The paradigm developed by Ganau has proven to be robust and conceptually appealing as evidenced by its wide use in hypertensive heart disease and applications to other adult and pediatric conditions, including obesity,15 metabolic abnormalities,16,17 storage disorders,18 valvular disease,19 renal insufficiency,20,21 respiratory disease,22 and infectious diseases.23 There has been investigation into the relationship between geometry and outcome24–26 and studies of the physiology of concentric remodeling, which has been shown to be associated with low-to-normal cardiac output and reduced midwall shortening, markers of subtly impaired systolic function.27 Similar considerations of geometry have provided insight into LV structure and function in heart failure.28

The major limitations of the Ganau paradigm have been the accuracy and reproducibility of echocardiographic measurements, the geometric assumptions on LV geometry needed to calculate volume from linear dimensions, and the lack of a specific category identifying patients with concurrent LV hypertrophy and dilated LV chamber. These limitations provide the rationale for the present study of Khouri et al,12 whose MRI-based volumetric analysis overcomes the limitation of the use of linear parameters to calculate volume. Their major findings are that (1) concentric or eccentric LVH can each be subclassified into 2 subgroups, yielding 4 distinct geometric patterns; (2) most of the subjects classified as having eccentric hypertrophy have a magnification of the normal heart (which the authors term “indeterminate” LVH), a condition associated with normal functional indices and seemingly low cardiovascular risk. The authors also confirm the strong association between obesity and concentric LVH, helping to dispel the notion that LVH in this condition is exclusively eccentric. Finally, the authors suggest classifying LVH based not on the RWT but rather on the independent changes occurring to the 2 parameters.
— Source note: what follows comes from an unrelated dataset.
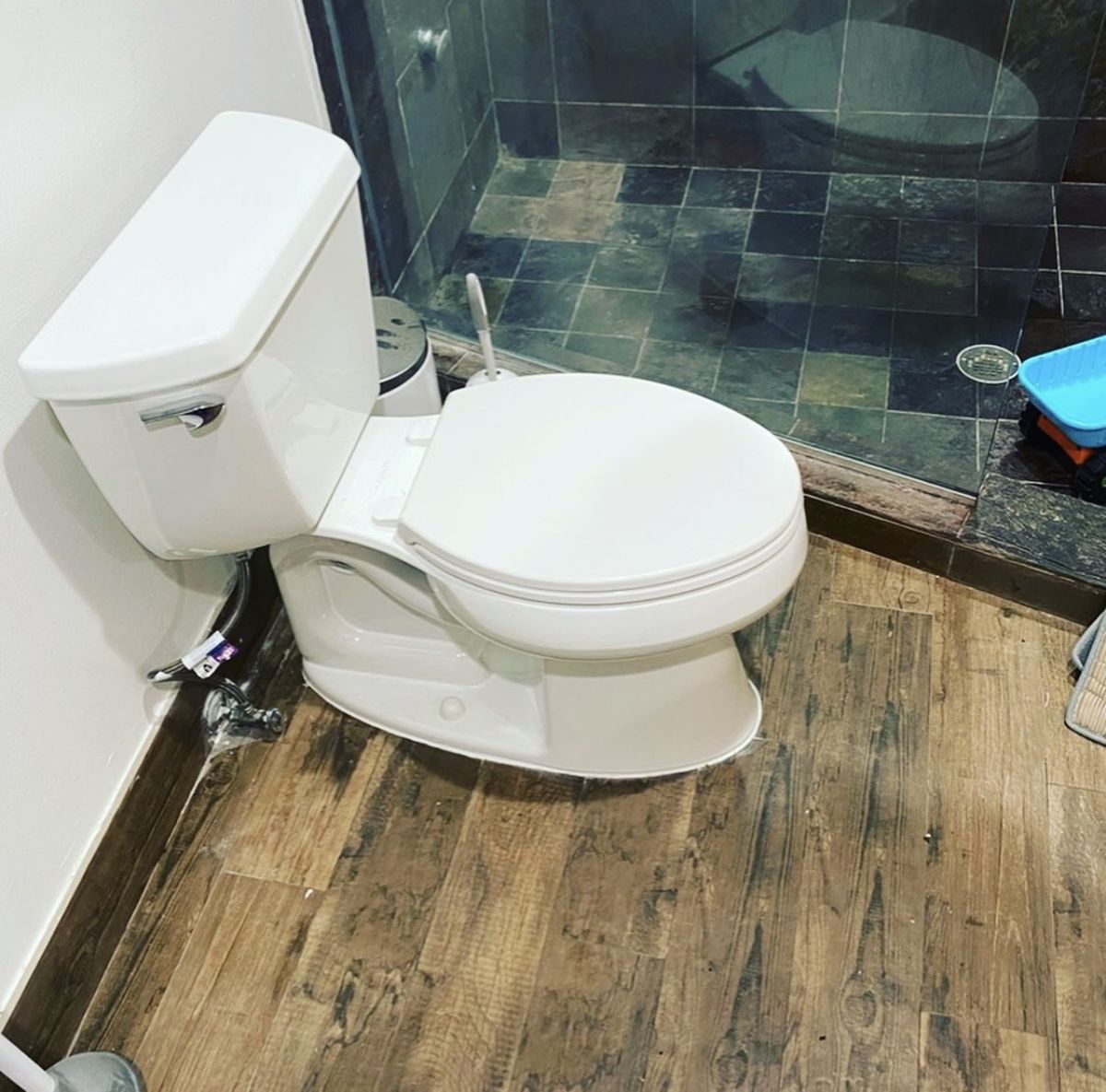 Finished job: new toilet installed in a bathroom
This work suggests the hypothesis that the adaptation of the LV is the result of the independent increase in wall thickness and/or chamber dimension rather than the effect of their interaction (eg, the RWT) to compensate for increased wall stress. The implication that LV remodeling may be influenced by the neurohumoral axis is supported by the observation that in patients with diabetes29 and/or the metabolic syndrome,30 significant LVH can be observed also in the absence of clear-cut hypertension, that is to say that it is not completely related to normalizing load. Besides relying on the more accurate structural data afforded by MR, the proposed classification emphasizes that subjects with dilation probably are individuals at extremely high risk, as evidenced by their higher troponin and BNP levels and lower mean ejection fraction.12

Does the article by Khouri et al warrant revising our current geometric paradigm? Limitations are that the 2 dilated LVH subcategories are relatively uncommon, comprising only 2.3% of the population, and that these were derived not from a rigorously defined normal population. Accordingly, it is likely that dilated LVH might not represent a true adaptation to increased load but is a sign that these individuals have remodeled to a point where hypertrophy is no longer adequate to maintain ejection performance,31 because of coronary disease or cardiomyopathy. Work by Vasan et al32 showed that patients with evidence of LV dilation are at high risk of developing future heart failure, and preliminary work on hypertensive subjects enrolled in the LIFE study suggests that progressive dilation of LVH precedes overt heart failure, even in the absence of incident myocardial infarction.33

It should also be noted that the occurrence of LVH in the population described by Khouri et al is markedly higher (32%) compared with previous reports, especially considering the relatively low prevalence of arterial hypertension (33%). This probably is the result of the study design’s intentional oversampling of African-Americans and the overall high prevalence of obesity; both factors have been shown to strongly affect cardiac geometry, as reported by Gottdiener et al.15 Thus, whether the partition values applied in this study can be used to define LV geometry in other populations is unclear.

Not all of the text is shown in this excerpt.